> DATA TO EXAMINE:
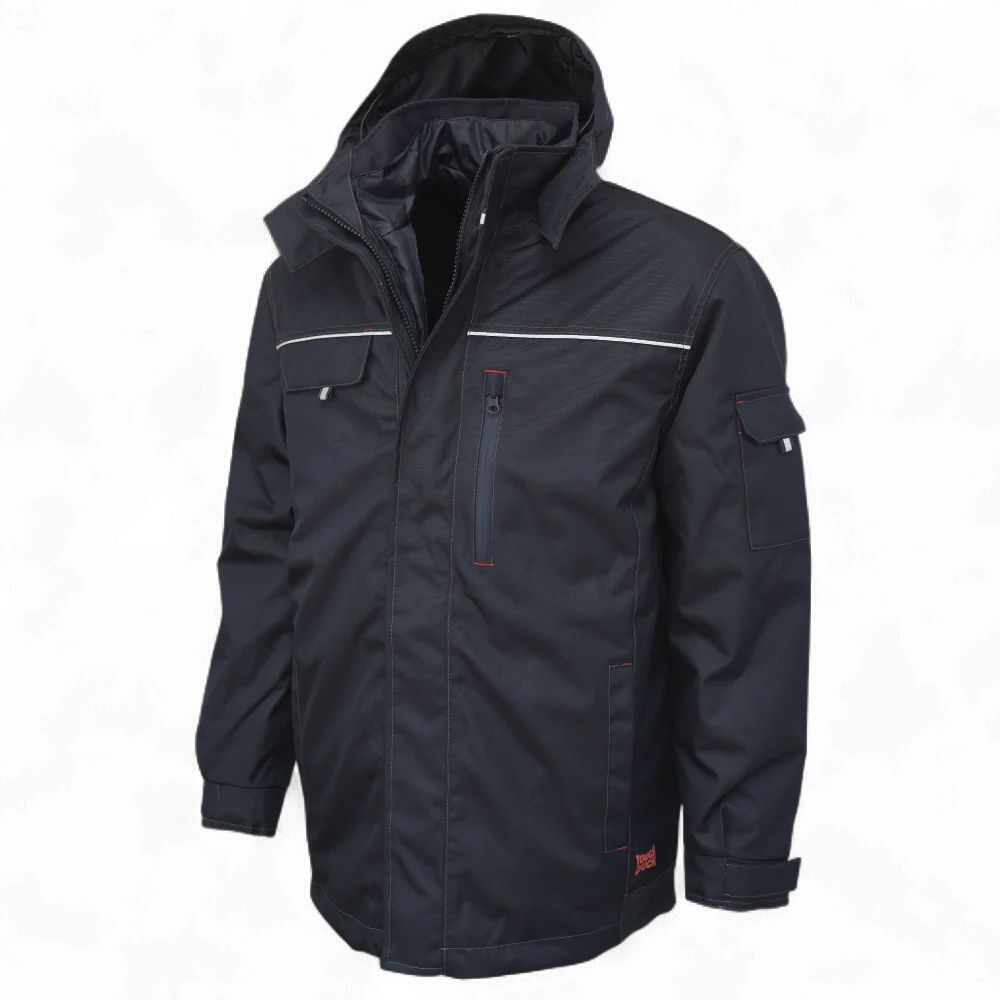 Tough Duck 3 in 1 Parka - WJ14, Colour: Black, Size: 2XLarge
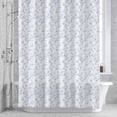 thumbnail image 3 of Flowers Shower Curtain for Bathroom Decor, Branches Waterproof Fabric Shower Curtain, 36"x78" Set with 12 Hooks, 3 of 9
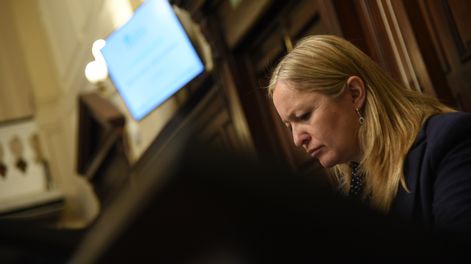 La vicegobernadora Hebe Casado. Archivo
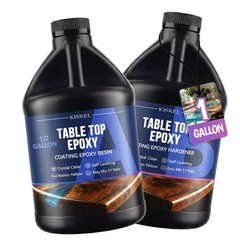 Table Top Epoxy Resin Kit 1 Gallon (1:1 ratio) – Crystal Clear Epoxy with Hig…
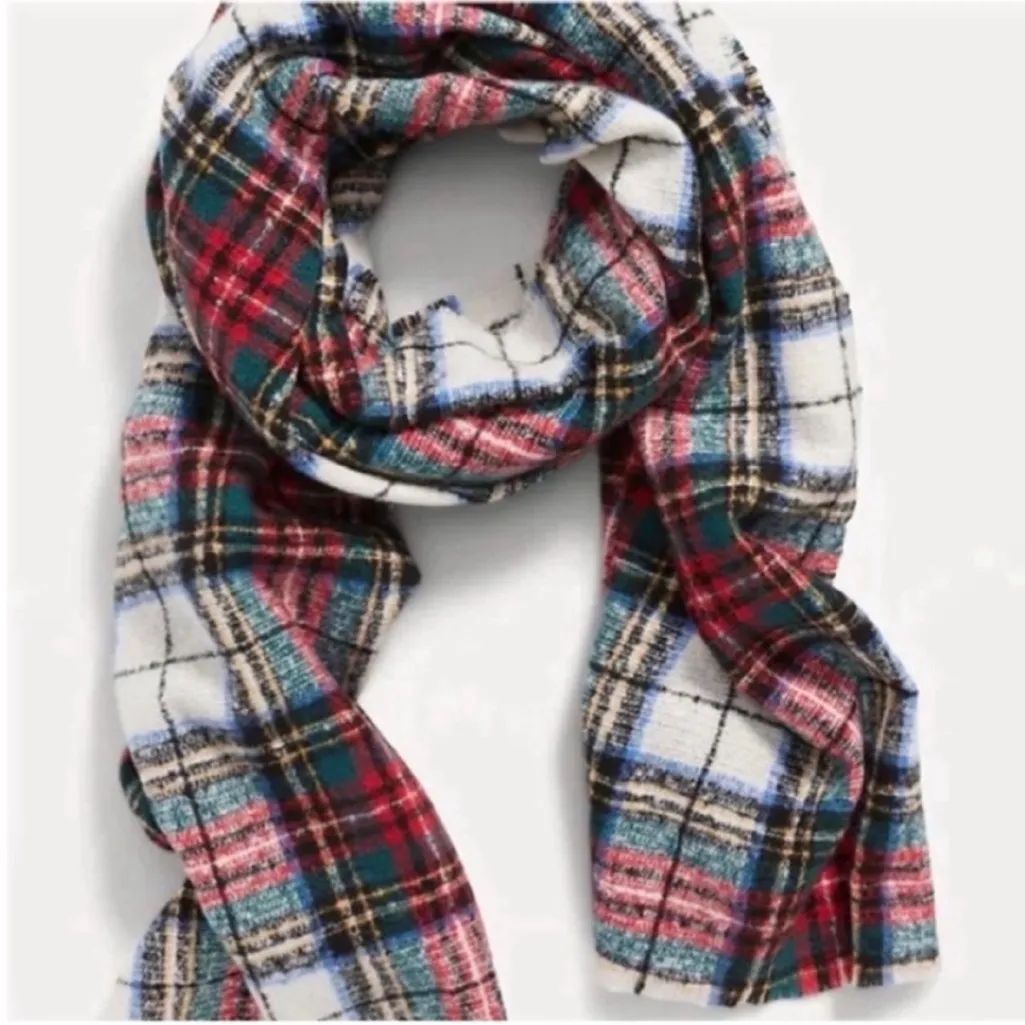 Old Navy Multicolor Plaid Scarf - Image 2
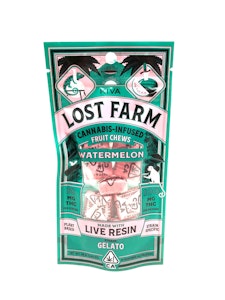 LOST FARMS - LOST FARM: WATERMELON GELATO LIVE RESIN CHEWS 100MG 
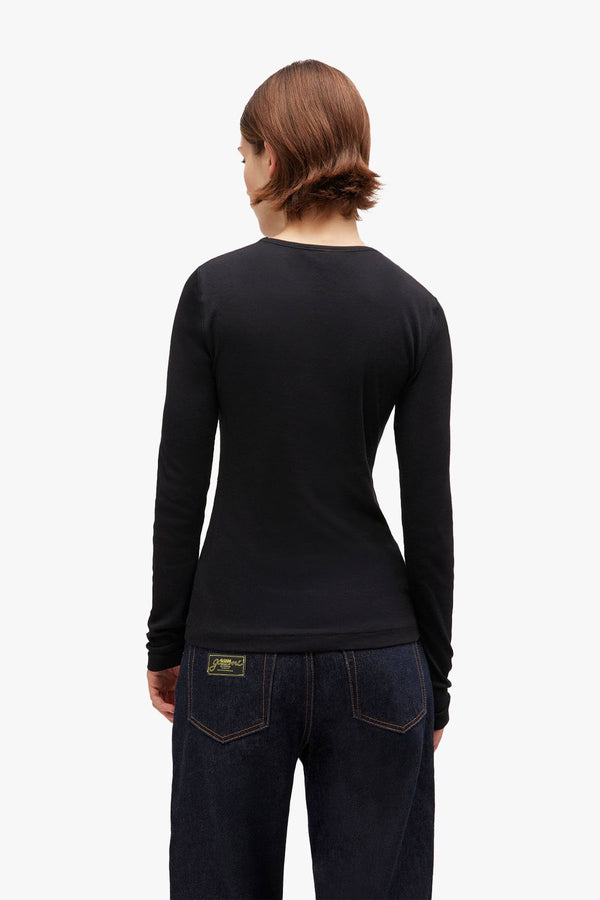 Soft Cotton Rib Long Sleeve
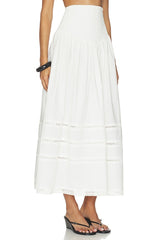 Smocked Maxi Skirt
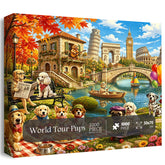 World Tour Pups Jigsaw Puzzle 1000 Pieces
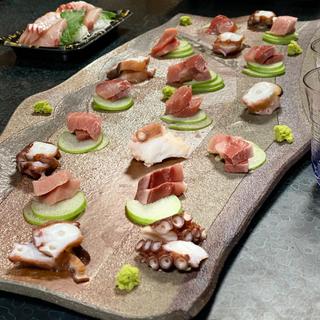 刺身盛り合わせ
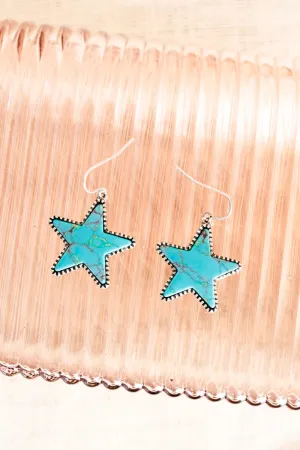 Turquoise Addyston Star Earrings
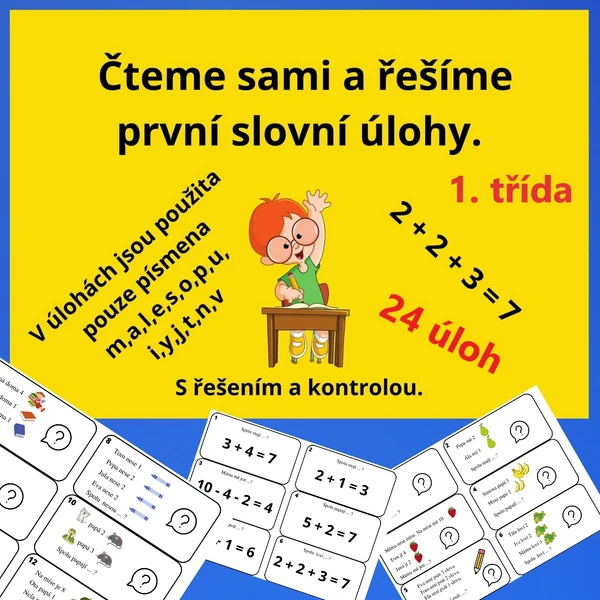 Sami čteme a řešíme první slovní úlohy - 1. třída, období leden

> PROBLEM DETAILS: Exact copy, pictures removed: set down the whole listing above.

> ANSWER TO THIS TASK:
 Tough Duck 3 in 1 Parka - WJ14, Colour: Black, Size: 2XLarge
 thumbnail image 3 of Flowers Shower Curtain for Bathroom Decor, Branches Waterproof Fabric Shower Curtain, 36"x78" Set with 12 Hooks, 3 of 9
 La vicegobernadora Hebe Casado. Archivo
 Table Top Epoxy Resin Kit 1 Gallon (1:1 ratio) – Crystal Clear Epoxy with Hig…
 Old Navy Multicolor Plaid Scarf - Image 2
 LOST FARMS - LOST FARM: WATERMELON GELATO LIVE RESIN CHEWS 100MG 
 Soft Cotton Rib Long Sleeve
 Smocked Maxi Skirt
 World Tour Pups Jigsaw Puzzle 1000 Pieces
 刺身盛り合わせ
 Turquoise Addyston Star Earrings
 Sami čteme a řešíme první slovní úlohy - 1. třída, období leden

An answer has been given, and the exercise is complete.